WASasquatch avatar May 19 '23 14:05 WASasquatch

I applied the result of latent_to_rgb as the default preview and added a text at the bottom explaining the format called "ComfyUI LATENT." Additionally, I applied the optimize option for slight size optimization. For latent_to_rgb, I limited the size within the range of 128 to 512 for preventing meaningless high-resolution previews or excessively small previews. When intentionally providing image_opt, it is structured in a way that users are responsible for resizing to allow high-resolution output. default-preview

ltdrdata avatar May 19 '23 15:05 ltdrdata

ComfyUI_00004_ latent

Changed the upscale method to nearest-exact in order to achieve a more pronounced feeling of latent rawness.

ltdrdata avatar May 19 '23 15:05 ltdrdata

I was not aware latent can be extracted like that without vae, frankly image looks quite amazing.

morphles avatar May 19 '23 20:05 morphles

I was not aware latent can be extracted like that without vae, frankly image looks quite amazing.

I was the same.
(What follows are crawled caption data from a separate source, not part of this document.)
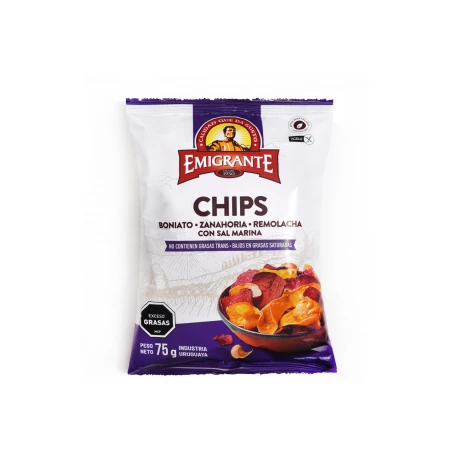 SNACK VEGETALES CHIPS EMIGRANTE 75G CON SAL SNACK VEGETALES CHIPS EMIGRANTE 75G CON SAL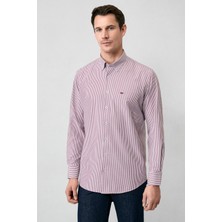 Kiğılı Uzun Kol Regular Fit Çizgili Düğmeli Yaka Pamuklu Kolay Ütülenebilir Gömlek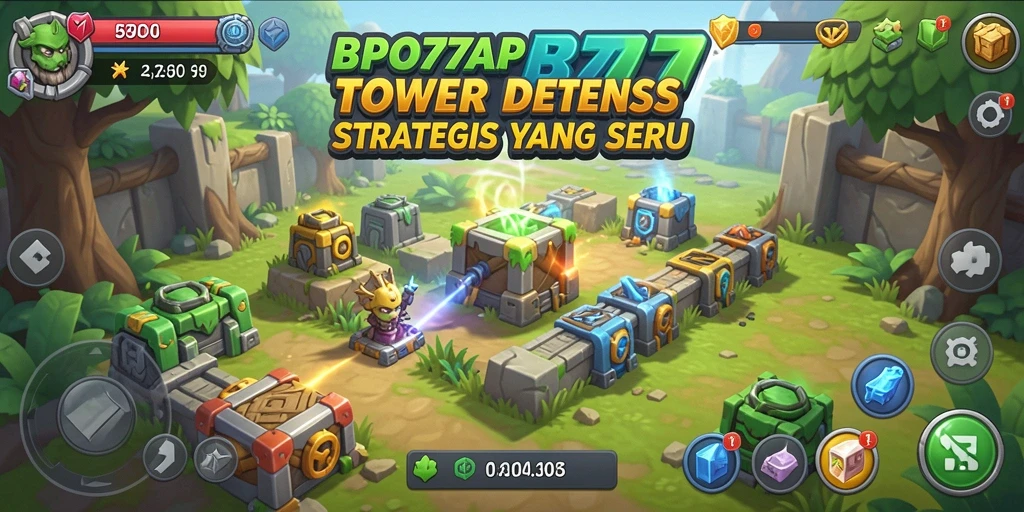 Tampilan gameplay seru BPO777 dalam genre Tower Defense.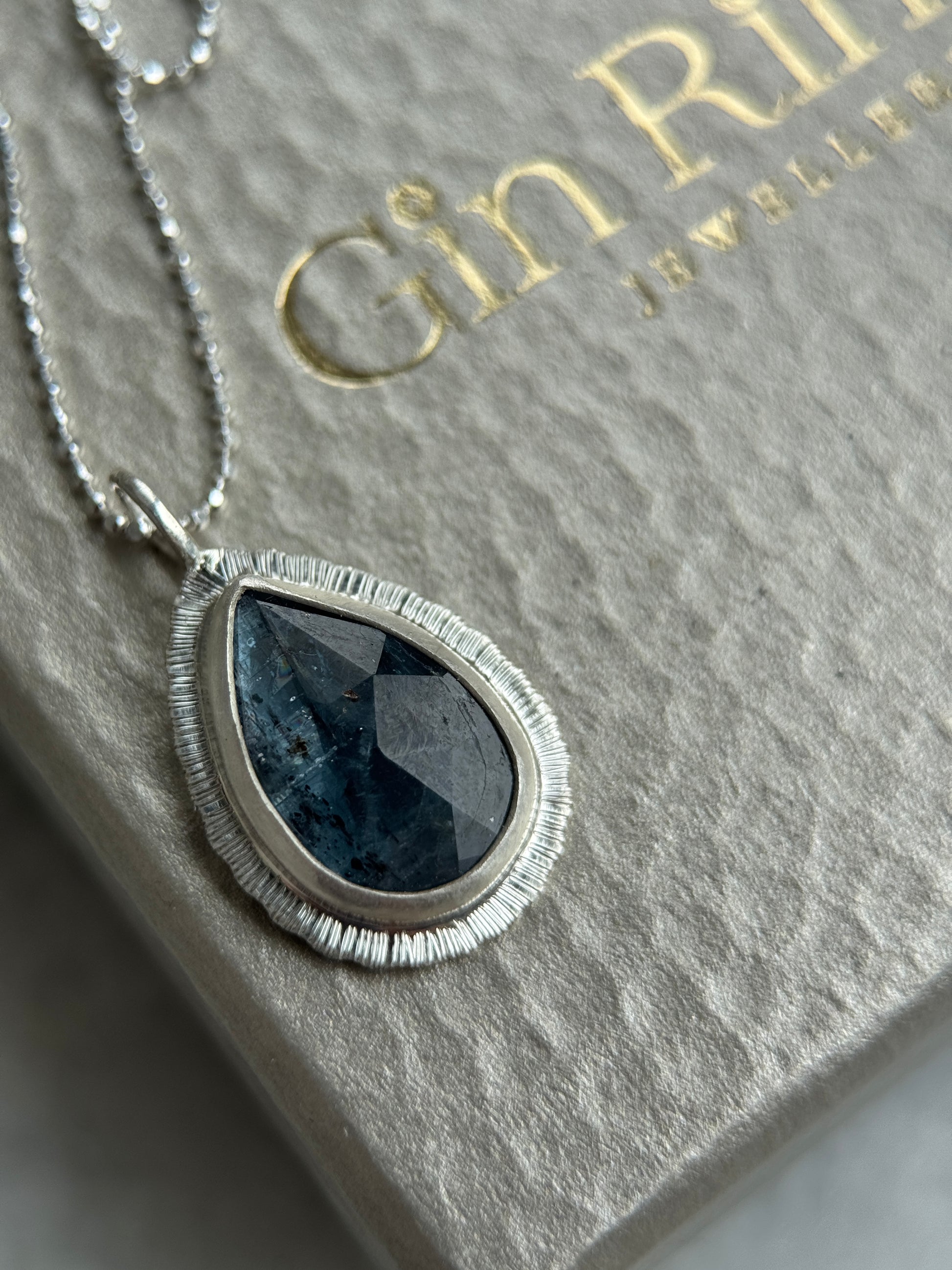 Rose cut Teal Moss Kyanite pendant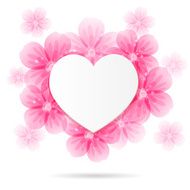 Background with heart shaped frame and flowers
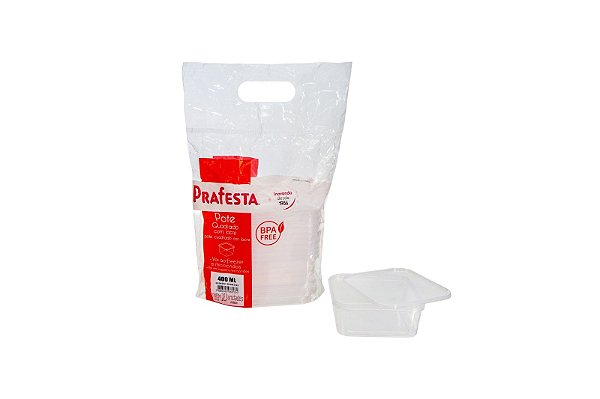 POTE PRAFESTA QUADRADO C/LACRE 400ML C/10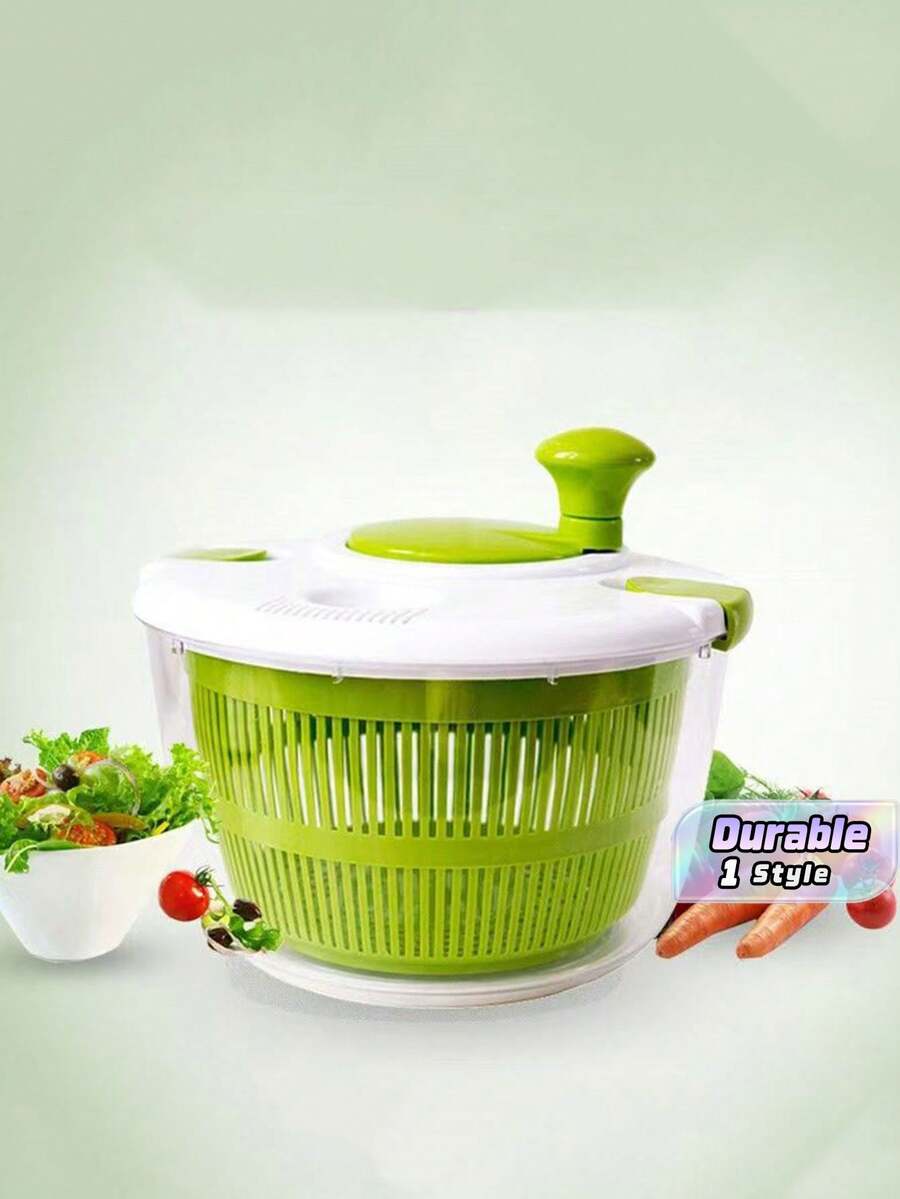 1Pc Manual Fruit Vegetable Salad Spinner Kitchen Salad Dehydrator Hand Crank Water Draining Drying Tool For Washing Fruits Vegetables Household Kitchen Gadget Supplies - Drain Basket - View 1
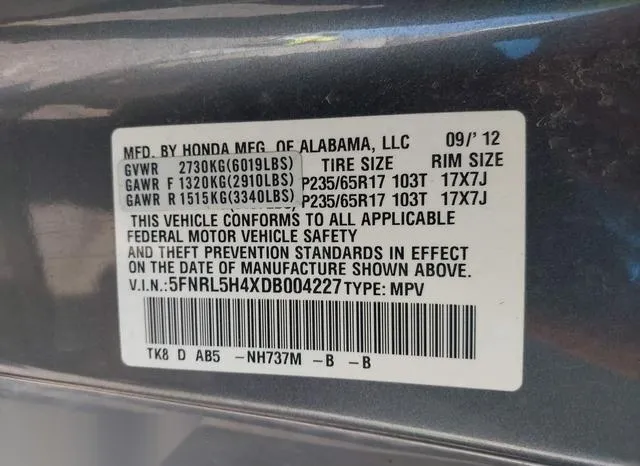 5FNRL5H4XDB004227 2013 2013 Honda Odyssey- EX 9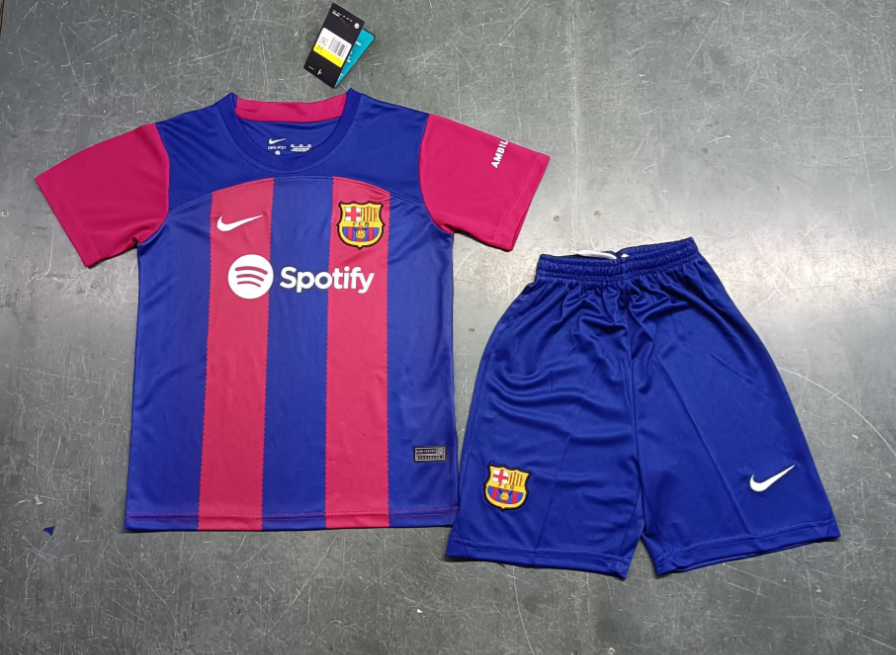 23/24 Barcelona Home Football Shirt Kids Size Suit-mysite Custom Football Kit- Nextkits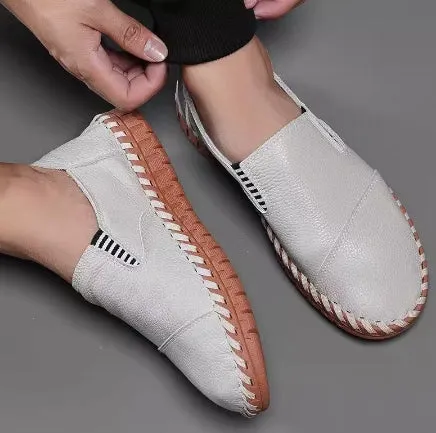 Italian Handmade Cowhide Leather Soft Sole Breathable Leather Shoes Comfortable Casual Shoes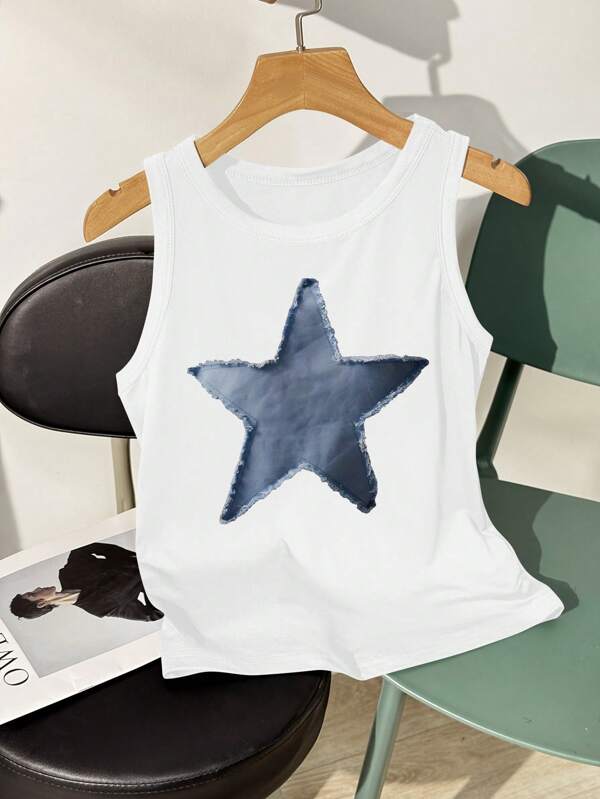 SHEIN Unity Camiseta de tirantes ajustada con estampado de labios y letras sexy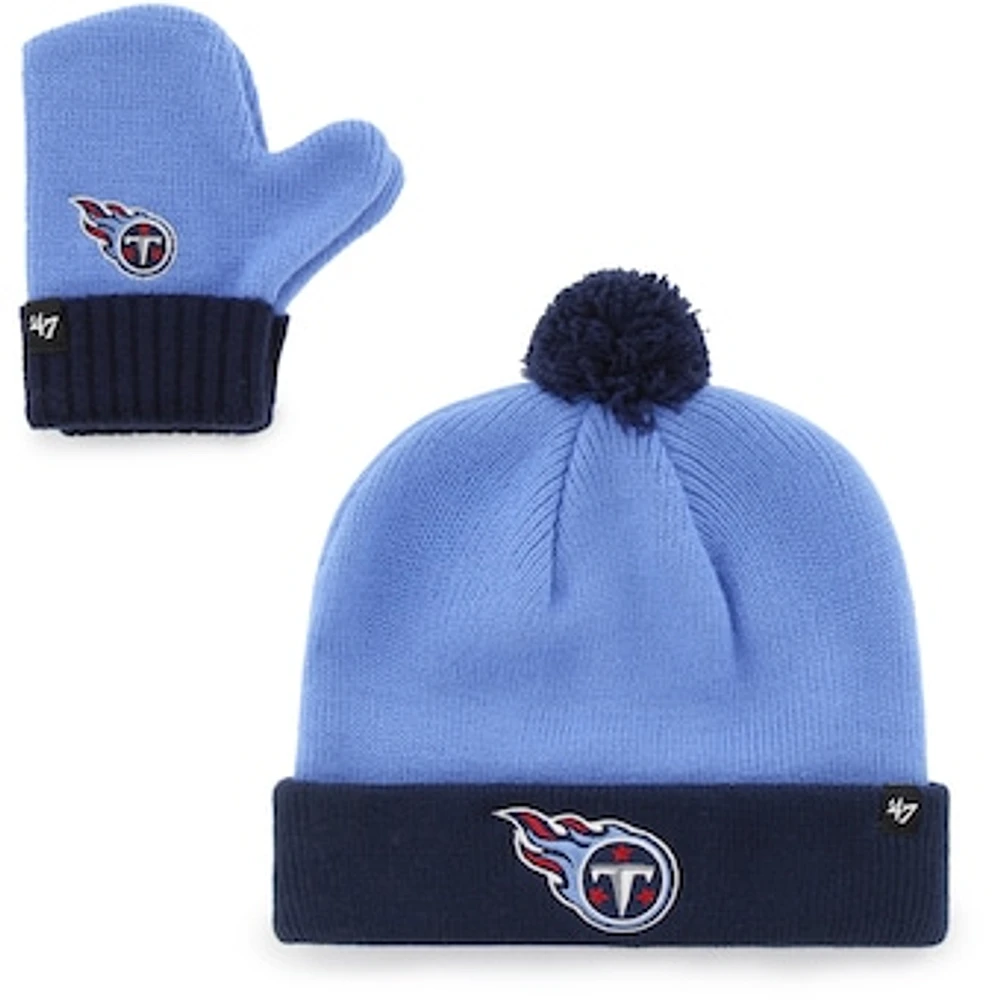 Toddler '47 Light Blue/Navy Tennessee Titans Bam Bam Cuffed Knit Hat with Pom and Mittens Set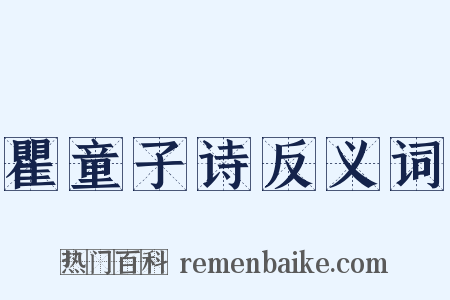 瞿童子诗反义词是什么意思的图片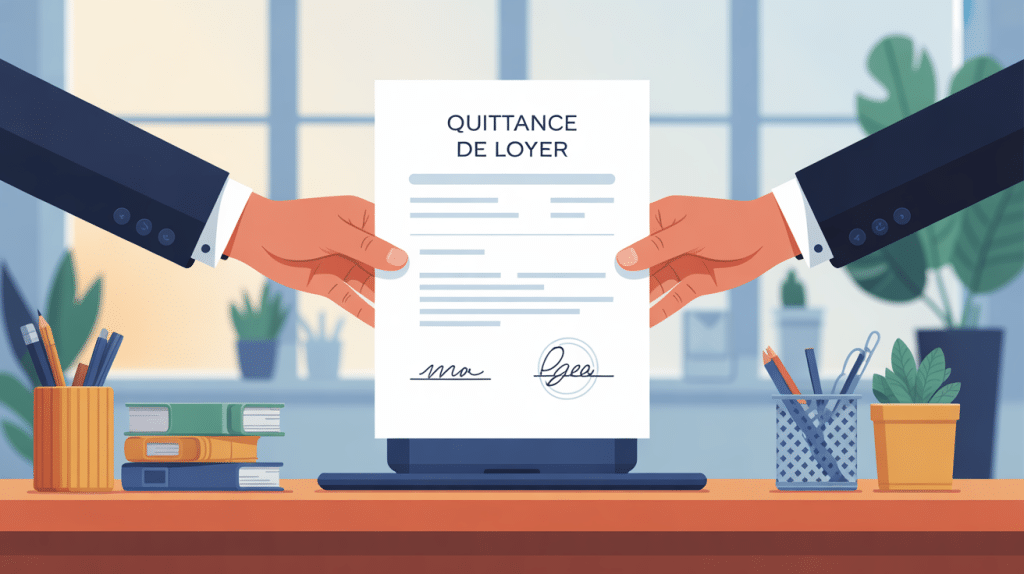 quittance de loyer stylisée échange bureau professionnel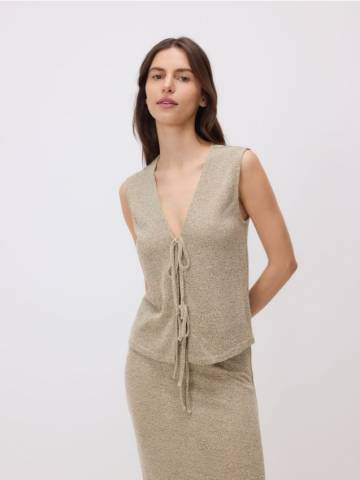 Reserved - Siduv viskoospluus - бежевий - 651GX-80X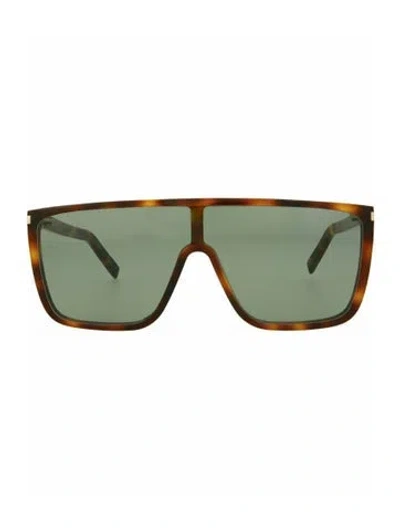 Pre-owned Saint Laurent Patterned Sunglasses W/ Tags In Brown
It was possible with a very simple code provided by Comfy.

ltdrdata avatar May 20 '23 03:05 ltdrdata

This somehow just convinces me even more that my hi res/multi-sampling idea is good :) I though latients would be something more abstract, and not directly convert-able to pixel values, thus making that multi scale combine some weird as thing.

morphles avatar May 20 '23 07:05 morphles

Mind just making this a plugin that hijacks latent saving in ComfyUI? I don't think Comfy is interested unfortunately.

WASasquatch avatar May 23 '23 03:05 WASasquatch

Simplified based on this https://github.com/comfyanonymous/ComfyUI/pull/713 Remove image_opt from node and reduce size upper bound from 512 to 256.

ComfyUI_00012_ latent ComfyUI_00011_ latent

ltdrdata avatar Jun 08 '23 09:06 ltdrdata